Trabalhadores participam na greve de 24 horas das redações do Jornal de Notícias, TSF, O Jogo e Diário de Notícias, detidas pelo Global Media Group (GMG).MIGUEL A. LOPES/LUSA

A assinatura do acordo visou também assegurar transferência do dinheiro necessário para serem efetuados os pagamentos dos salários em atraso de janeiro, que começaram a ser pagos no dia seguinte à assinatura do acordo de compra.

A Global Media começou no final do ano passado a atravessar um período conturbado e de falta de liquidez, o que levou a pagamentos em atraso – incluindo o ordenado de dezembro e o subsídio de natal – que fez com que o grupo enfrentasse em janeiro uma paralisação conjunta dos trabalhadores do Jornal de Notícias, Diário de Notícias, TSF e O Jogo e Dinheiro Vivo.

A 18 de janeiro soube-se que o WOF não ia avançar com a transferência para pagar os salários em atraso de dezembro até que a decisão da ERC quanto à questão da transparência fosse conhecida e que fosse concluído o processo de arresto avançado em janeiro por Marco Galinha para garantir os seus direitos na Global Media, da qual tem 17,59% do capital, por via indireta.

Antes da greve conjunta, o Jornal de Notícias e a TSF também já tinham feito greves, com o jornal a não ter chegado às bancas pela primeira vez em mais de 30 anos e com os microfones da rádio a serem desligados pela primeira vez em 35 anos. A paralisação do JN foi motivada em grande medida pela decisão da administração do grupo de rescindir com entre a 150 a 200 trabalhadores do grupo. A da TSF, anterior, com a saída do então diretor, Domingos de Andrade, e com travagem dos aumentos de ordenado, proposta pela anterior administração.

Vários dos decisores envolvidos na crise que assola a Global Media foram também ouvidos em comissão parlamentar, como Marco Galinha que referiu que a situação financeira do Global Media Group “não pode ser assim tão má” como era advogado por José Paulo Fafe, pois recebeu quatro propostas para a sua compra.

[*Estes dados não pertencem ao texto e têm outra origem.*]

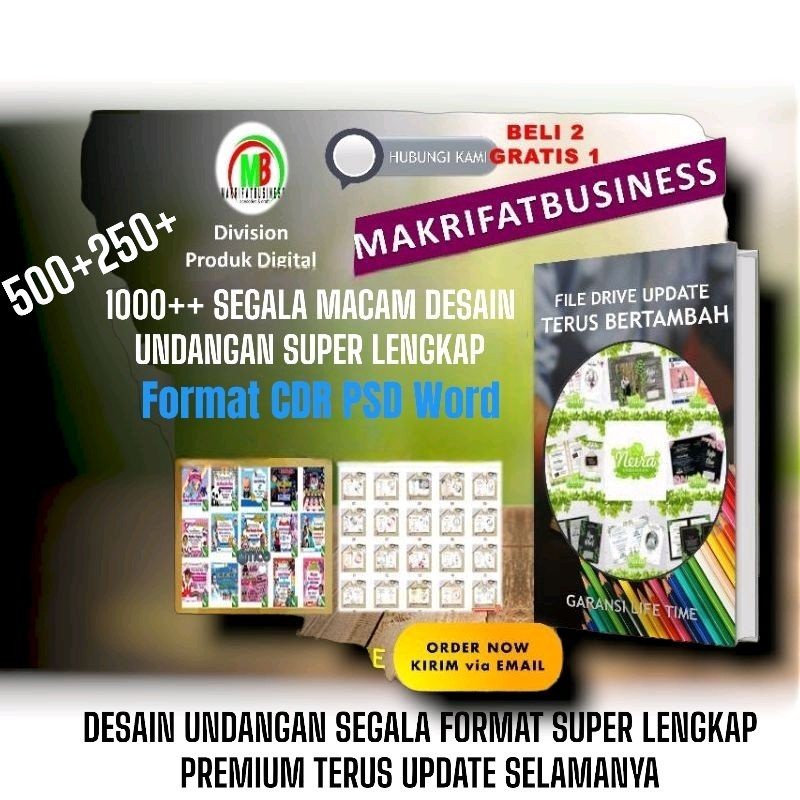 1000 +500+250+++  SEGALAM MACAM DESAIN UNDANGAN  PERNIKAHAN KHITANAN TAHLILAN TASYAKURAN DLL FILE FO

José Paulo Fafe também foi ouvido no parlamento, onde defendeu que o fundo WOF “cumpriu todas as obrigações até agora” e que todas as decisões do grupo foram “aprovadas por unanimidade, sem que na comissão executiva conste nenhum voto contra ou mesmo abstenção”.

Foram ainda ouvidos outras personalidades como Domingos de Andrade, ex-administrador do GMG e diretor da TSF, ou Pedro Adão e Silva, ministro da Cultura.

Domingos de Andrade foi afastado do conselho de administração da Global Media em setembro, aquando das entradas de José Paulo Fafe – que foi depois nomeado CEO – e de Diogo Agostinho e Filipe Nascimento, que se juntaram a Marco Galinha, Paulo de Lima de Carvalho, António Manuel Mendes Ferreira e Kevin Ho. Em janeiro, Paulo de Lima de Carvalho e Filipe Nascimento demitiram-se, deixando a comissão executiva apenas com José Paulo Fafe e Marco Galinha.